As passionate as I am about improving the things that I think are important, at the end of the day I'm only one vote on council. So I have to convince the other councillors, or get the community to convince the other councillors. Sometimes you don't always succeed, there are areas where you lose.

The other thing you find out when you get on local government is just how constrained local government is. In Australia local government is a creature of state government legislation. So it has very limited capacity to raise money, and the majority of the money it does raise just has to be spent on paying the staff wages and repairing the potholes and fixing bike lanes, and there's not much money left over.

It's been made worse in Western Australia by the fact that our state government has introduced the Development Approval Panels (DAP), where developments over $1 million get taken out of the hands of local government and get approved or disapproved by the DAP, and the city of Fremantle only has one representative on the DAP that judges these things.

We have to spend all our time and work judging all the itsy bitsy development applications – whether a carport should be allowed here, or whether Tom Smith should be allowed a second storey extension on his house - and as soon as there's a development that's really big, your elected representatives don't have a right to have a say on it. So that's one example of the restraint the state government puts on you.

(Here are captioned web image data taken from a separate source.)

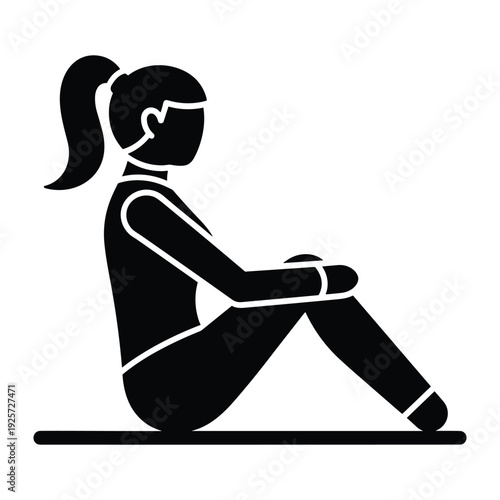 Female athlete doing sit up abdominal crunch exercise on mat for fitness training
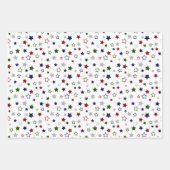 Feuille De Papier Cadeau Rouge Blanc Bleu Vert Cercles Gris Étoiles (Devant 2)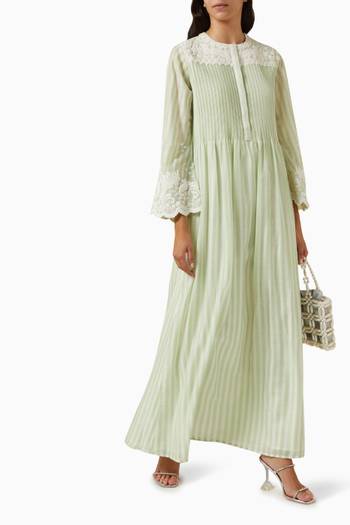 hover state of Delicate Embroidered Maxi Dress in Cotton-silk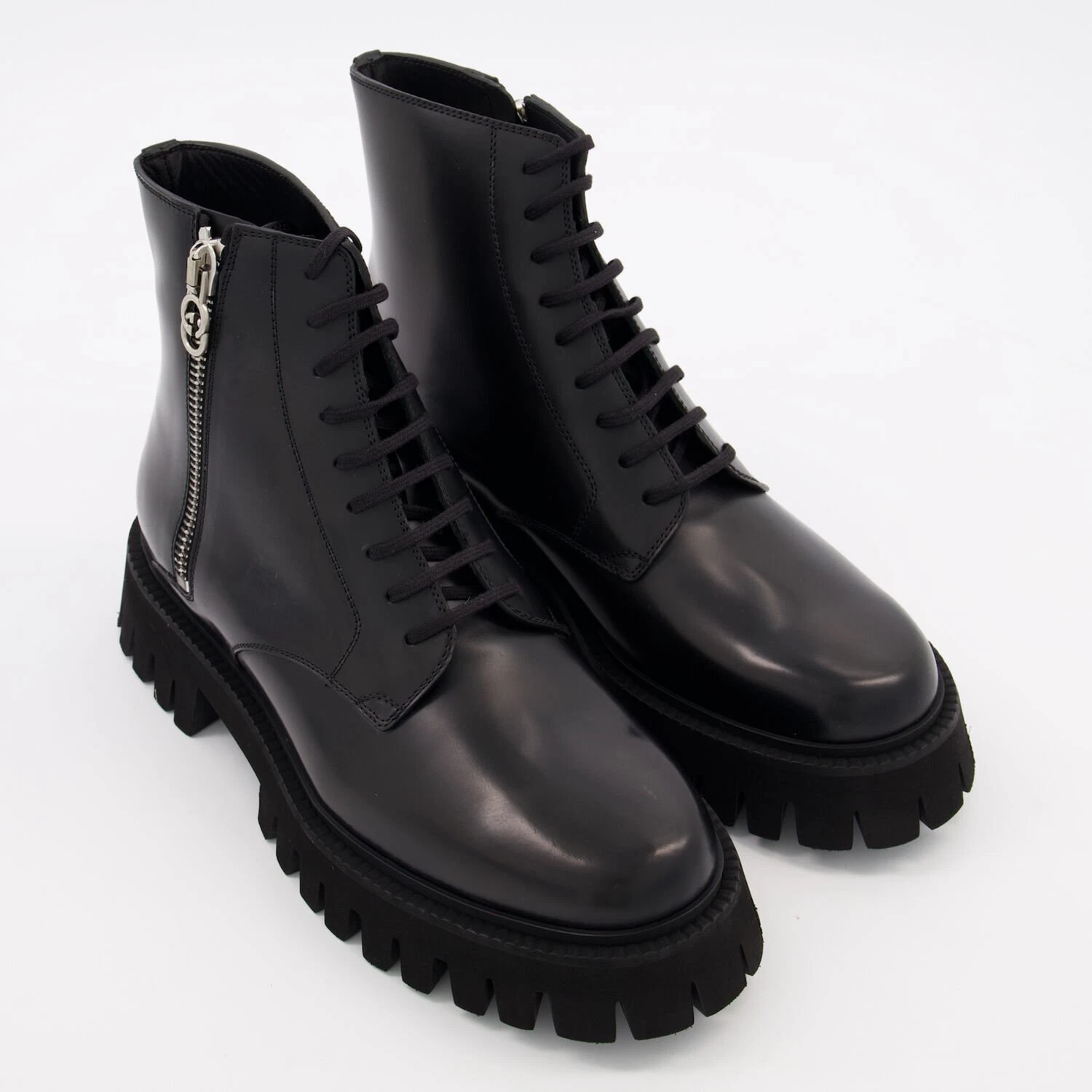 Gucci Bottines Homme Cuir Noir Millennial Ribot UK 12 / EU 47   Zippées...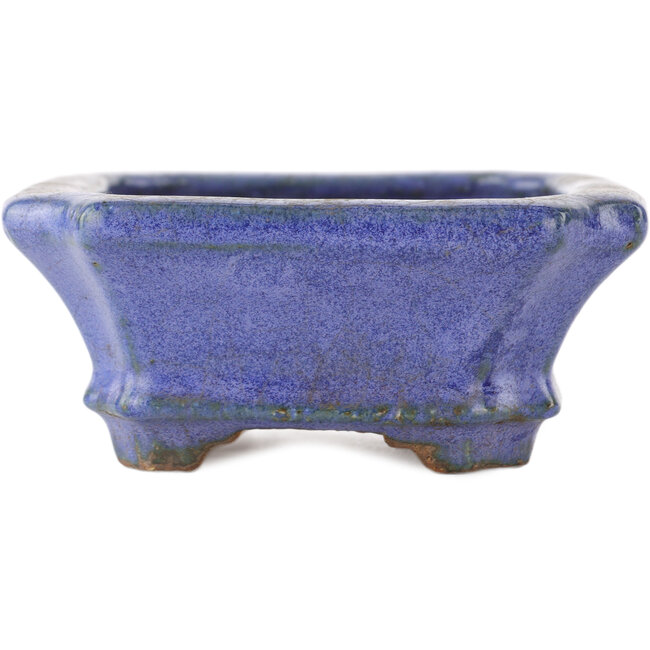 Pot à bonsaï rectangulaire bleu par Hattori - 145 x 110 x 45 mm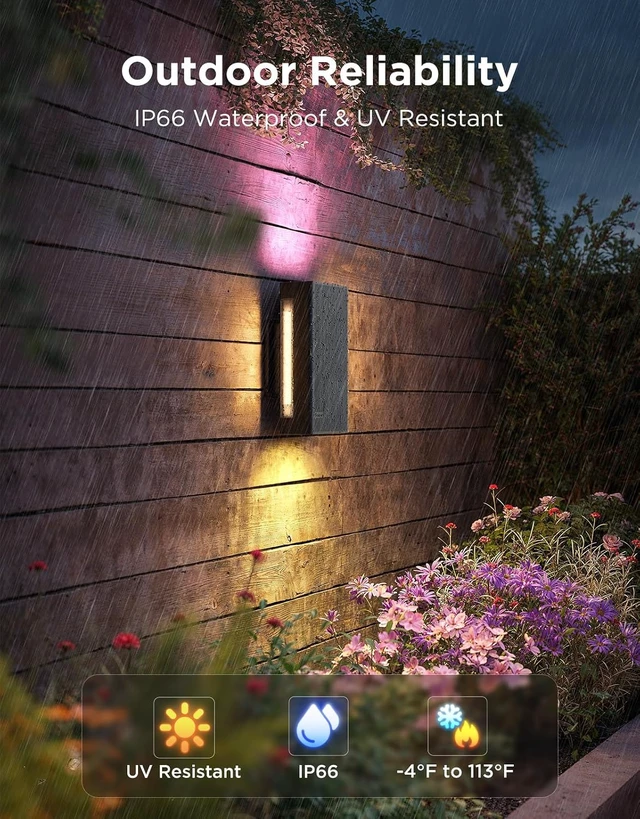 Alt view image 7 of 7 - Govee Outdoor UpDown Wall Light, 2 Pack, 1200LM RGBICWW Smart Porch Lights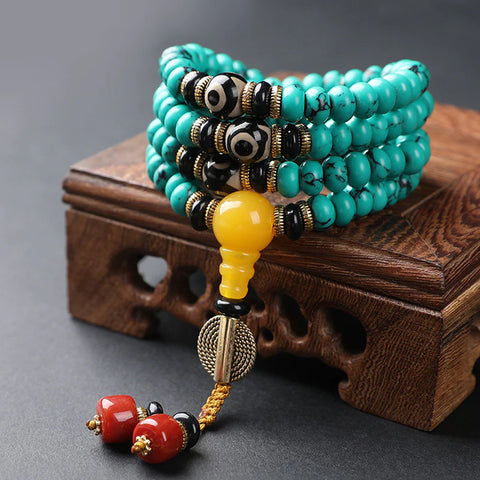 Buddha Stones Natural Turquoise Three-eyed beads Purification Necklace Bracelet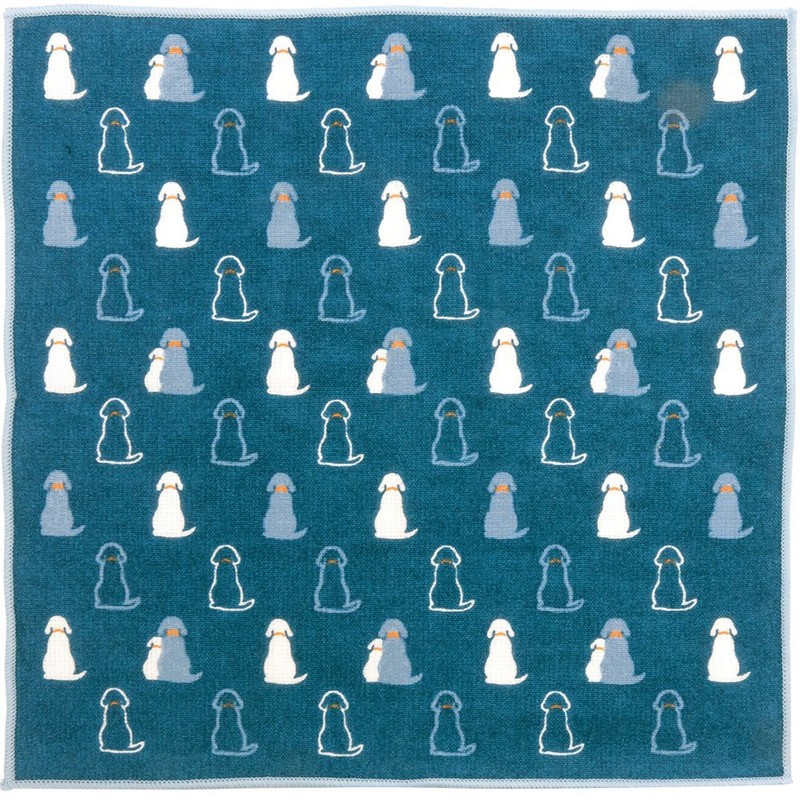 Wataol Semi Wash (Towel Handkerchief), Sitting Dog, Gray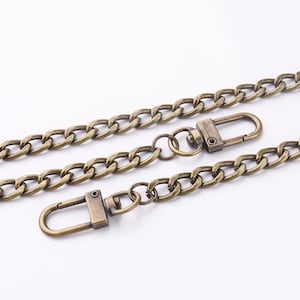 Bronze Bag Chain with Lobster Clasp Purse Strap  Metal Chain Purse Hardware Wrist Strap Chain 130cm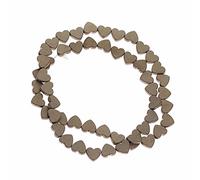 18 colores de piedra natural brillante mate hematita cuentas en forma de corazón para hacer collares, pulseras, accesorios de joyería, regalo, bronce mate, 6 mm, 67 piezas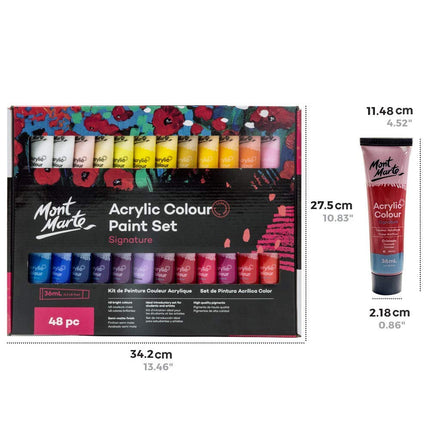 MONT MARTE Acrylic Paint Set, 48 x 36ml, Semi-Matte Finish, 48 Colours, Suitable for Canvas, Wood, MDF, Leather, Air-Dried Clay, Plaster, Cardboard, Paper and Crafts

The other example of a restraint is on issues that you would think the council could control, but they can't. So, for example, the issue of affordable and low-cost housing, on any given development under state government rules, we can only impose a maximum of 15% of affordable housing and even then it has to be incentivised. So, you have to say to the developer – if you don't provide any affordable housing you can only put this many units in, if you put in 10% affordable housing you can put in that many units, but we can't impose a blanket floor.

This also means that local governments who are trying to attract developer dollars can end up undercutting each other. Fremantle can say as we did recently, that the developer needs to have 15% but a neighbouring council can not impose any and try and attract the developer away from us.

A neighbouring council in one of their schemes, their planning officer proposed 5% affordable housing and some of their councillors, who had got sucked in to the fear and loathing about public housing tenants wanted to reduce it to 2%

The state government says that they want local government to create opportunities for more affordable low cost housing but then impose those kinds of rules on us. So you can see how constrained we can be.

Why should socialists be involved with local government?

If you're passionate about trying to create a better world, that puts people and the environment first, you're committed to social justice and ecological sustainability, and you want to see your local government play its part in transforming the world in that way, then you've got to get stuck in and have a go and try and change things at the local government level.